Wang Qingliang gained attention a few years back for suggesting he was too frugal to afford a house.  I hear you man.  Now he is cited as one of the most flagrantly corrupt officials nationally and a lightning rod of public ire.  Who knows?  More likely it is simply time to smash a local power block as it was in the 90s when Beijing mayor Chen Xitong was smashed or in the naughts when Shanghai Party Secretary Chen Liangyu was smashed.  But brought low because he was particularly corrupt?  Do educated Chinese really believe any of this?  According to the New York Times, in the article that resulted in them being blacklisted domestically, Wen Jiabao’s auntie received stock in Ping An insurance worth about $1.5B.  Where is the benchmark set for particularly egregious corruption?  What could the public ever really know that it isn’t packaged up and fed as fish food?   

 

The culmination of the Dream of The Read Chamber has the protagonist Jia Bao Yu’s complicated; comfortable, scholarly family suddenly fall under a cloud of imperial scrutiny.  Once the family is under investigation by the Emperor, by the center, nothing that they ever had, nothing they had ever done is secure.  The entire family line will fall.  And Richard the II was killed by Henry IV,  Henry the VIII killed his wives, and it is amusing to consider the rough way the Plantagenates or the Tudors, maintained power just like it is the Qing.  And we are rightly proud of both the regal tradition and of the fact that we’ve moved on from it as an acceptable standard for how to transfer power. 

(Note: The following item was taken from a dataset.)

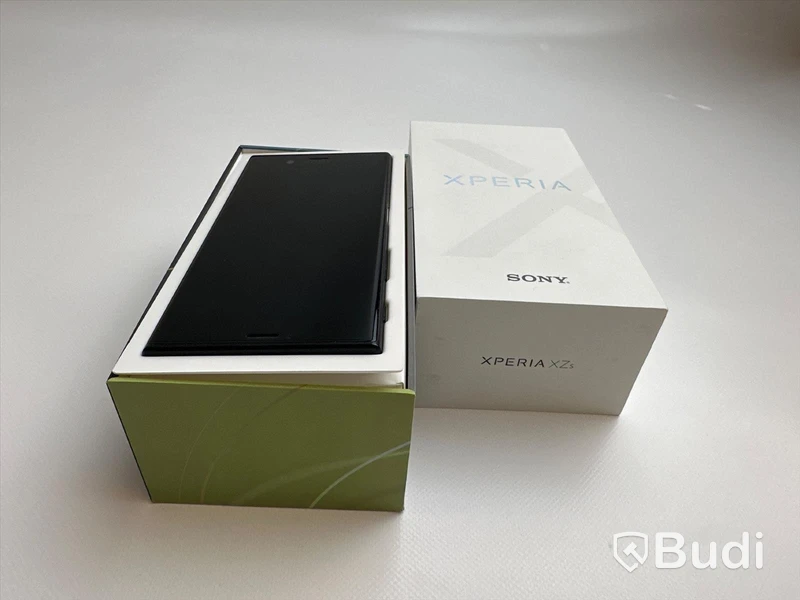 Mobil Sony Xperia XZs 32GB svart med originalförpackning inkl laddare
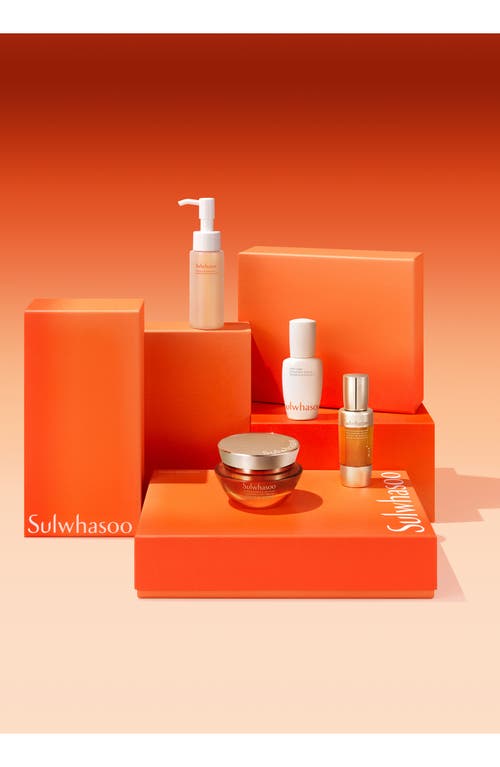 SULWHASOO SULWHASOO CONCENTRATED GINSENG REJUVENATING CREAM SET (LIMITED EDITION) $331 VALUE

China should be sublimely proud of their medieval tradition.  And today, who can argue that order hasn’t been more productive than chaos?  I’m glad to be riding on a high-speed train and I’m glad that 450 million people have miraculously migrated from poverty.  But China cannot be singularly proud and satisfied by this means of governance.  Suggesting that this is all that China can expect from leadership; capricious, opaque, courtly deal making wherein power itself is really all that matters, is an insult to this nation.  A middle class majority will increasingly call this out.  Privately I hope the Party acknowledges that it must lead the nation away from rule by fiat or accept that it will be done on someone else’s terms.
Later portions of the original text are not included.